Vozes da comunidade judaico-indiana em Israel destacam potencial conjunto
A visita de Modi também mobilizou membros da comunidade judaico-indiana em Israel, que expressaram entusiasmo e destacaram oportunidades ligadas à tecnologia e à escala econômica indiana. Ori Kadvil, da comunidade de Kochi, elogiou o tamanho do país e seu potencial tecnológico, afirmando ter se surpreendido ao saber que hackathons na Índia reúnem centenas de equipes.
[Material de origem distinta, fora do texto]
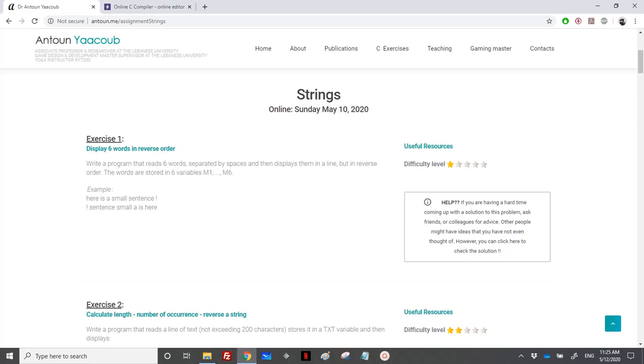Hello again. I will start solving the strings exercise, and I will start with the first exercise. We need to display six words in reverse order. So we need to write a program that reads six words separated by spaces and then displays them in a line but in reverse order.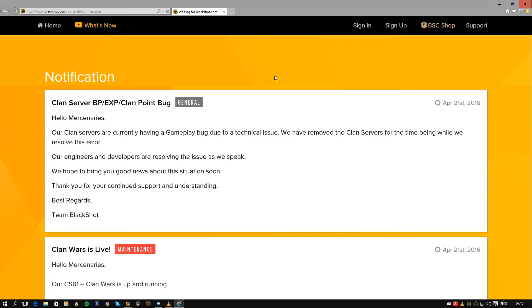But if they roll back the server, then everybody loses all of the progression that they made over this past day pretty much. We all lose a day worth of progression.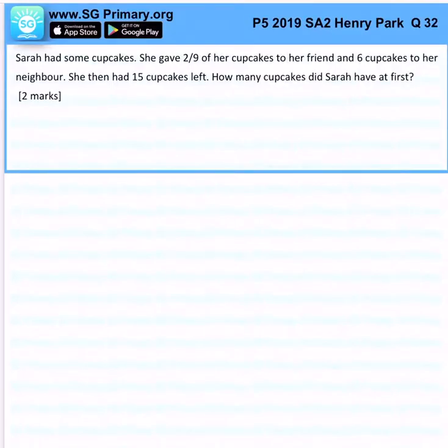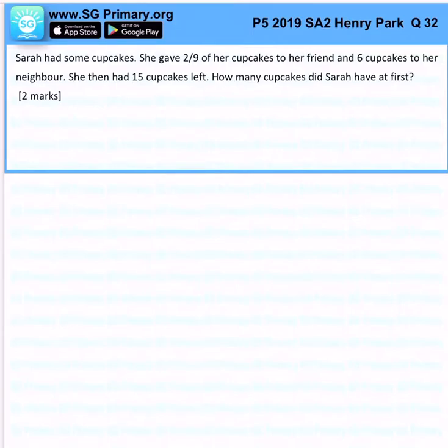Now Sarah had some cupcakes. She gave 2 over 9 of her cupcakes to her friend and 6 cupcakes to her neighbor. She then had 15 cupcakes left. How many cupcakes did Sarah have at first?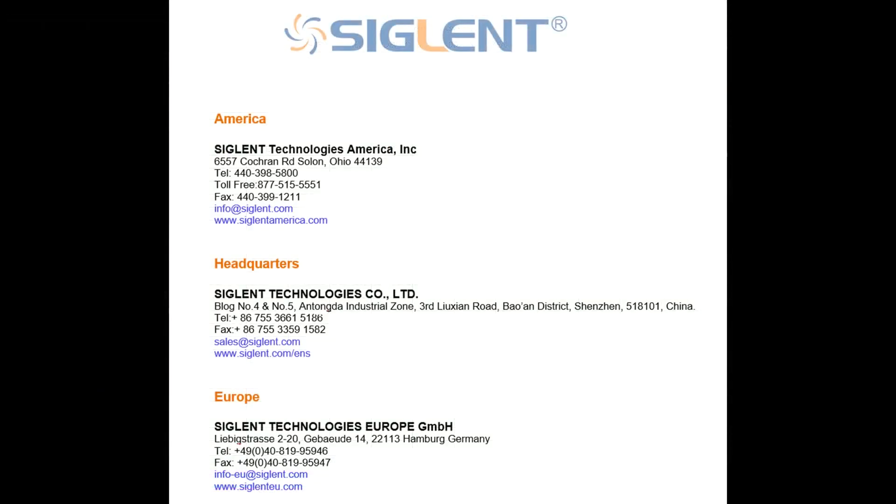So, I hope that you found today's video helpful. Again, we are continually listening to our customers and continually adding new features. Please sign up for the Siglent newsletter. You can write us at info at siglent.com or contact one of your local offices. And we'll get back to you as quickly as we possibly can. Thanks a lot for watching the video today and have a great day. Thanks.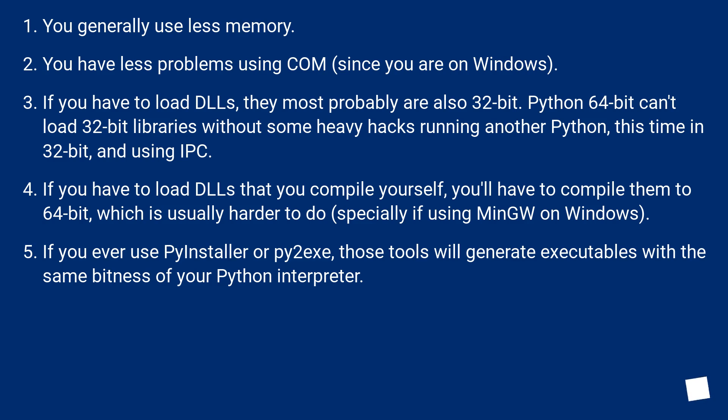If you ever use PyInstaller or py2exe, those tools will generate executables with the same bitness of your Python interpreter.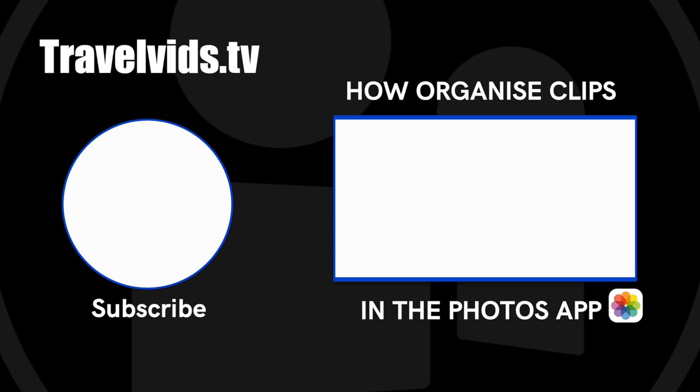In the video link now you can learn how to use the Photos app to organize your clips into folders or albums on an iPhone to make the import into an editing app later much easier. I'll see you in the next video.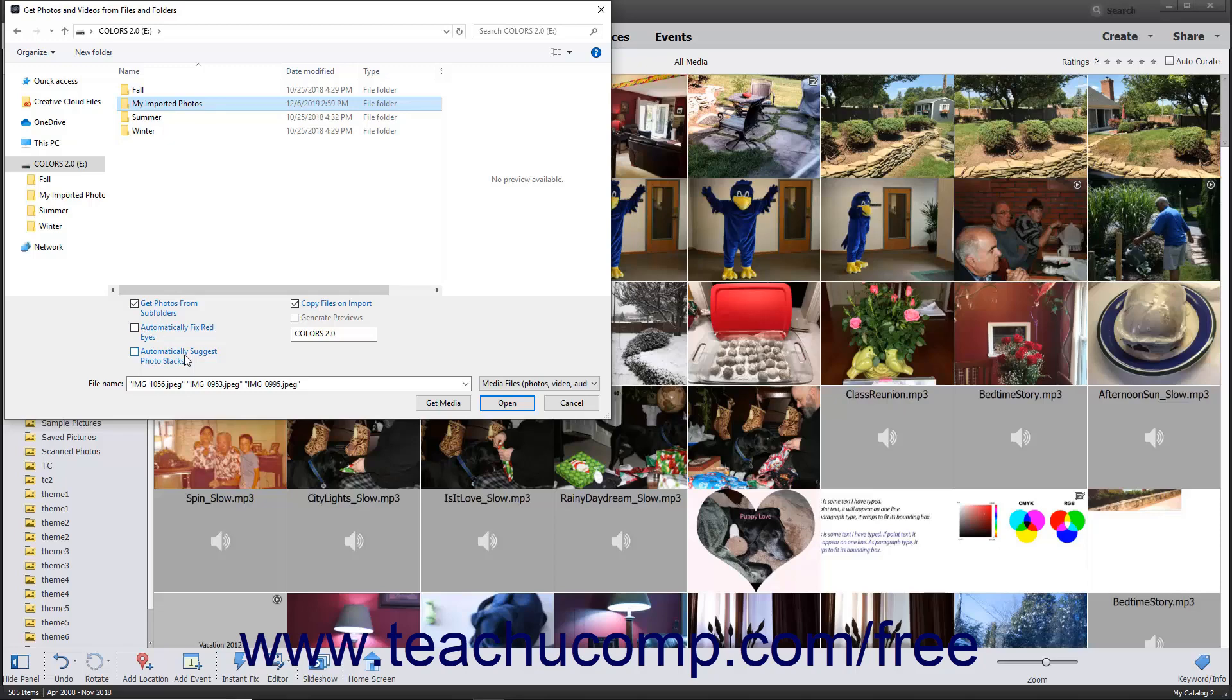For photos on removable drives or DVDs, you can check the Copy Files on Import checkbox to import the photos versus linking to them, which is the default behavior. You can check the Generate Previews checkbox to generate and display low-resolution preview copies of those images instead.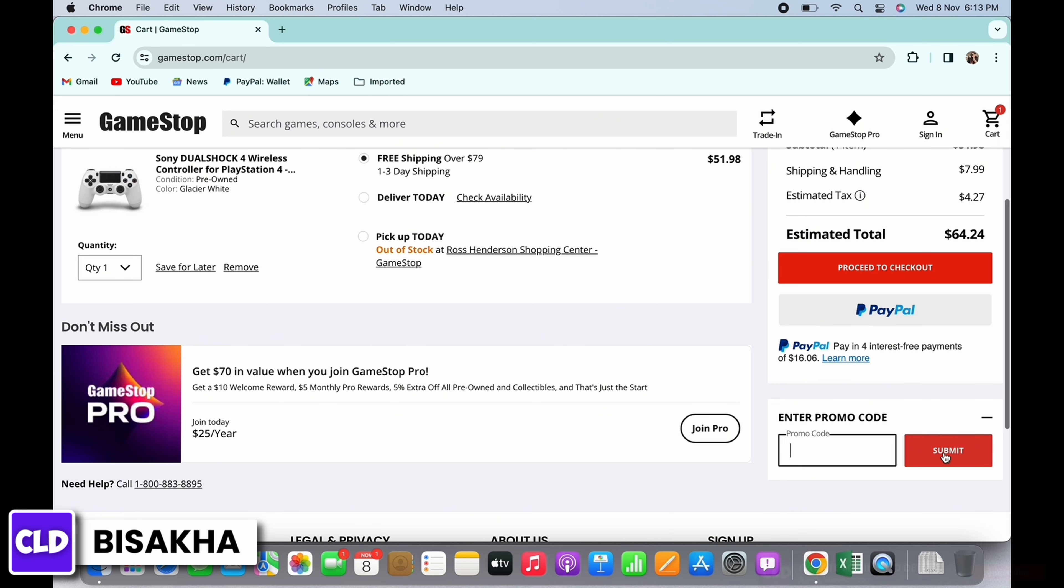You will see the enter promo code option below proceed to checkout. Tap on the plus symbol beside enter promo code and now go ahead and enter the promo code on your gift card to redeem your gift card.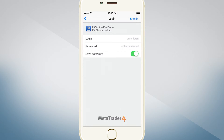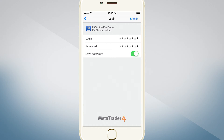Once you have selected your server, you will be presented with the Login and Password screen. Be extra careful to enter this information correctly, as the password is case sensitive. Please refer to the welcome email you received from us when you originally created your account. That email will have the proper account, password, and server information.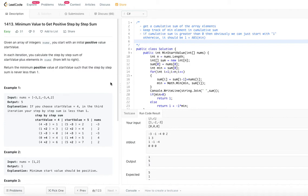Basically, we are asked to find a start value — a seed value — that we will start with, and then keep on adding the numbers in the nums array. The result of the addition should never be less than 1. So which start value do we need to select? The positive value must be the minimum positive value.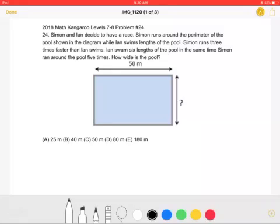This is the 2018 Math Kangaroo, Level 7-8, Problem Number 24. Simon and Ian decide to have a race. Simon runs around the perimeter of the pool, shown in the diagram, while Ian swims lengths of the pool.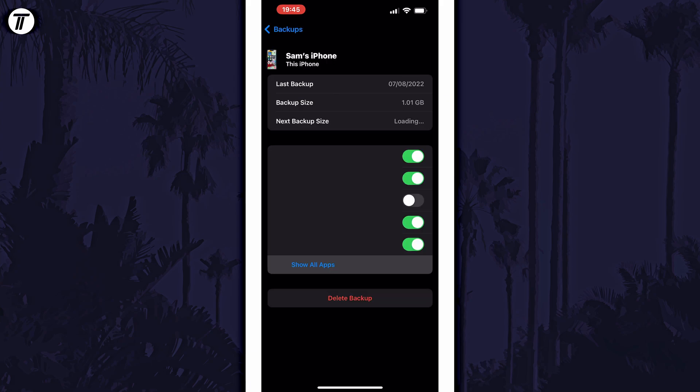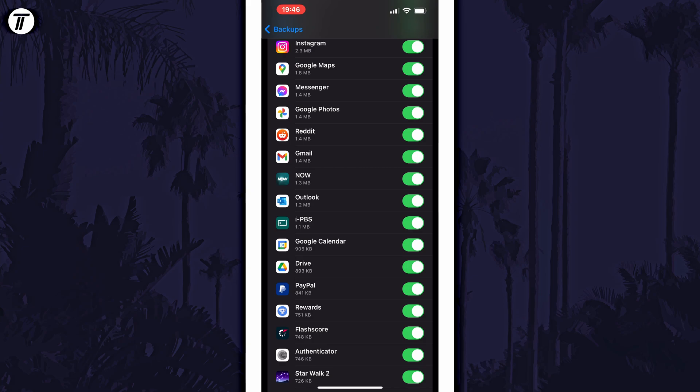Now tap on show all apps and then find the app you want to delete the iCloud backup for and all you need to do is use the toggle switch to the right of the app to delete the iCloud backup.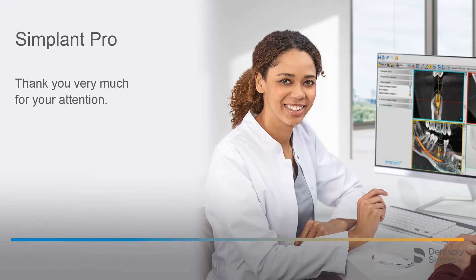Thank you very much for your attention. We would like to wish you every success when working with Simplant Pro.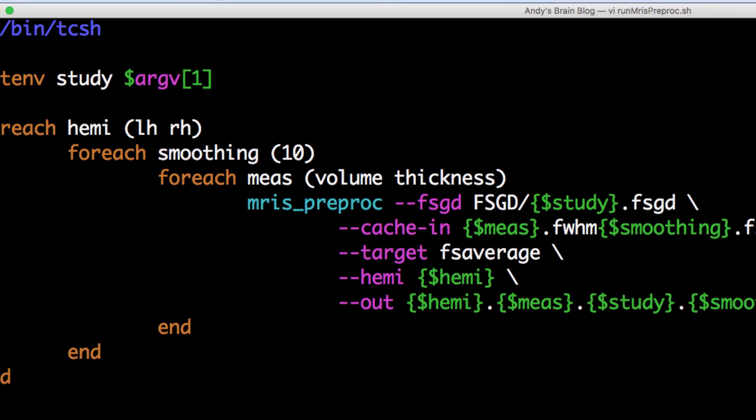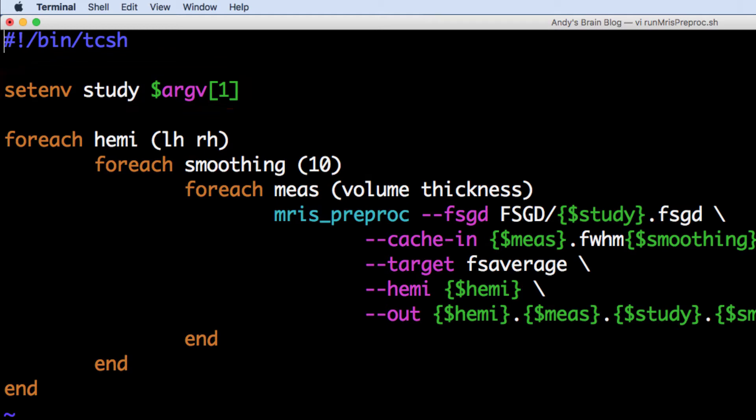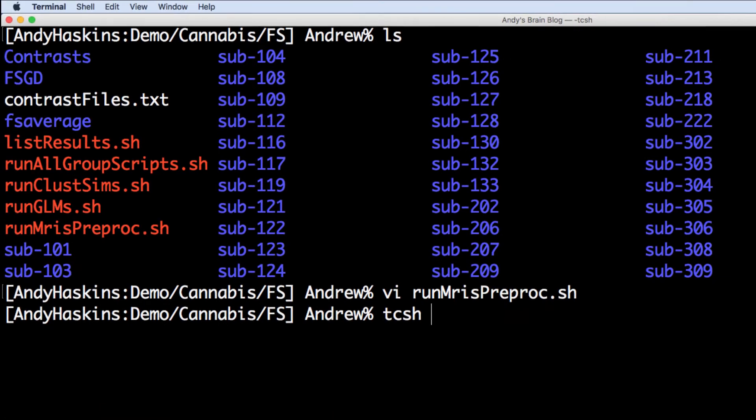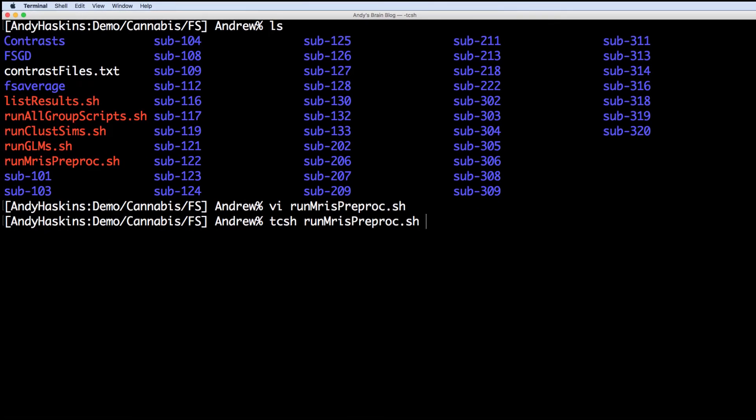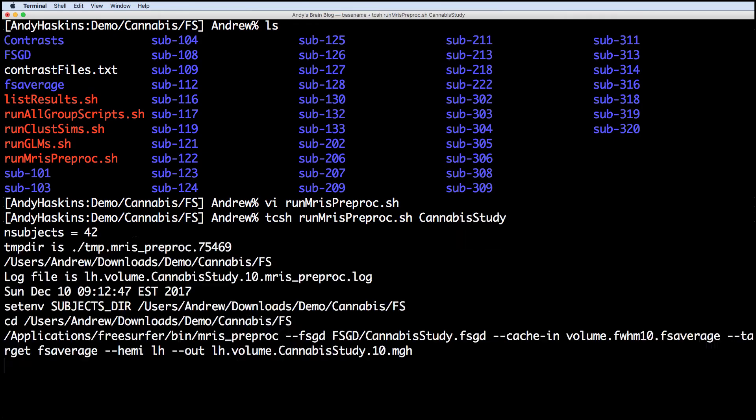This script takes the study name as an argument, which is the name of your FSGD file. Here, I've called it cannabis study, so run it with tcsh runmrispreproc.sh cannabis study.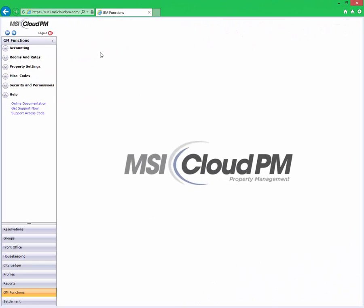To learn more about Cloud PM's rate management features, watch our videos on Day of Week, Day of Stay, Extended Stay and Dynamic Rates, Rate Tiers, and the Daily Rate Manager.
Kadvil relatou a experiência do encontro com o premiê e disse: "Queremos unir os poderes dos nossos dois países para que possamos criar coisas maravilhosas para nossos povos e para o mundo inteiro", descrevendo a interação com Modi como “um evento interessante e alegre”.
Outro residente em Israel, Yarin Didi, apontou a combinação entre inovação israelense e mercado indiano como um caminho para ampliar a escala de novas tecnologias, com destaque para inteligência artificial. Em declaração à ANI, ele afirmou: "Estou muito orgulhoso de estar aqui hoje... Israel é conhecido por ter grande talento em termos de IA. Mas acho que a Índia tem... O mercado indiano é milhares de vezes maior do que qualquer coisa que eu tenha visto pessoalmente antes. Ambos têm o talento e o enorme potencial econômico para levar a inovação a uma escala maior".
De 1992 à parceria estratégica: uma relação em expansão
As relações diplomáticas entre Índia e Israel foram estabelecidas em 1992 e, desde então, a cooperação avançou em áreas como defesa, agricultura, gestão de água, tecnologia, inovação e desenvolvimento de capacidades. A elevação ao status de Parceria Estratégica, em 2017, foi apresentada como um ponto de virada, e o discurso atual de Modi ao Parlamento israelense buscou reforçar a continuidade desse impulso.
A combinação entre a ovação no plenário, a medalha inédita e a recepção calorosa de parlamentares procurou sinalizar uma relação que se pretende simultaneamente pragmática e sustentada por símbolos. Para os dois governos, a mensagem do primeiro dia da visita foi clara: o vínculo é tratado como estratégico, mas também como um projeto de longo prazo que tenta se ancorar em valores democráticos compartilhados, memória histórica e laços entre as sociedades.